• [Your assignment] Beginning at the line that mentions "Women Mini Backpack", retype the rest of the records below exactly. Pictures are not part of the copy.

:::::

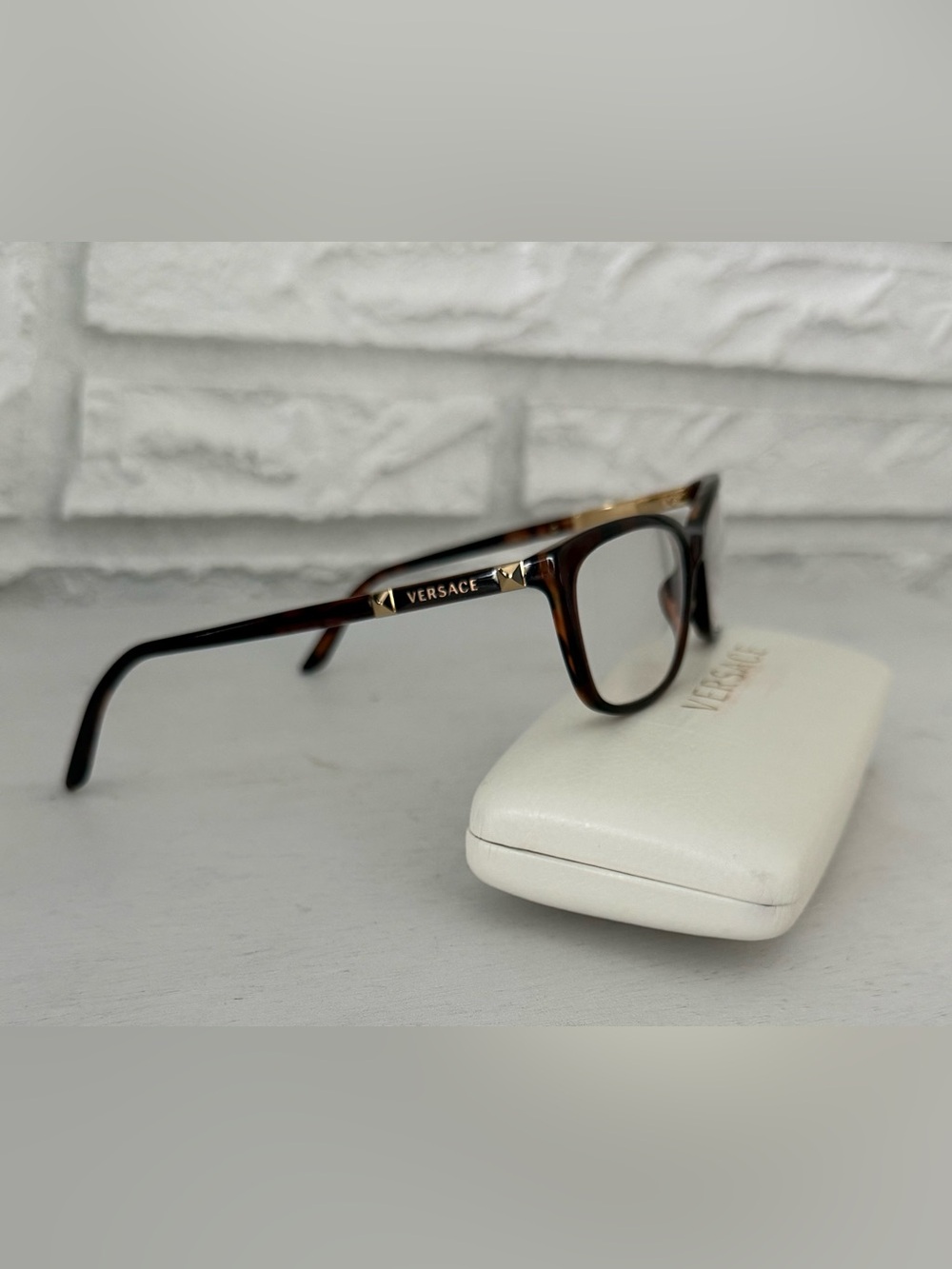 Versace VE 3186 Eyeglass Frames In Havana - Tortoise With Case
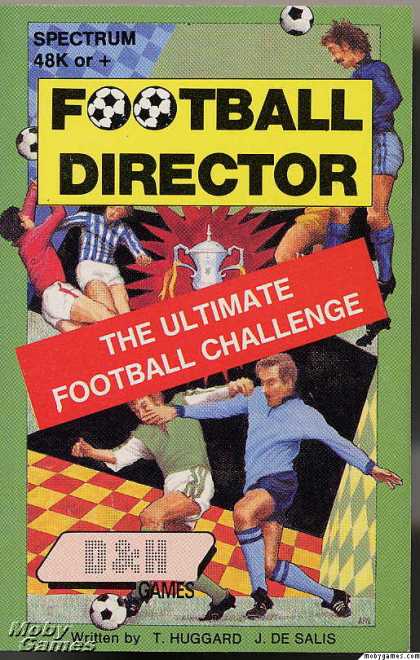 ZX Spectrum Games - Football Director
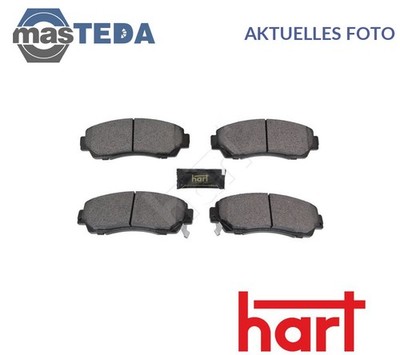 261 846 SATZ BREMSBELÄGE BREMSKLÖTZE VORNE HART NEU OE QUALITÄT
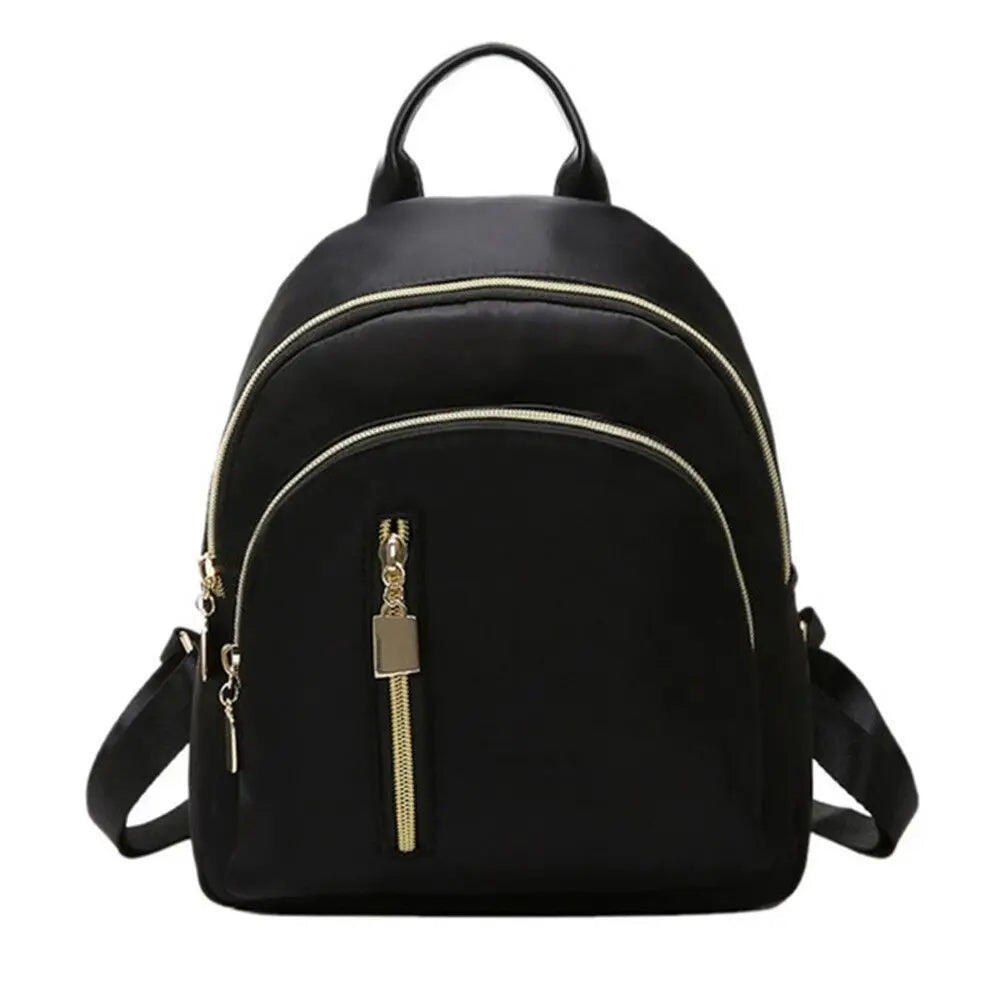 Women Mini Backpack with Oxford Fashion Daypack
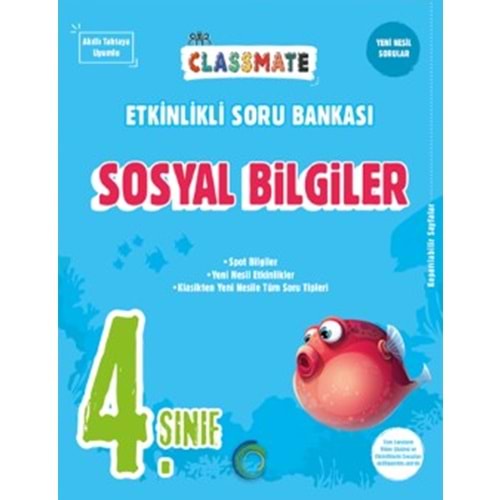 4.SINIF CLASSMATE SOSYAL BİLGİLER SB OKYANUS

:::::

• [Answer section]
 Women Mini Backpack with Oxford Fashion Daypack
 4.SINIF CLASSMATE SOSYAL BİLGİLER SB OKYANUS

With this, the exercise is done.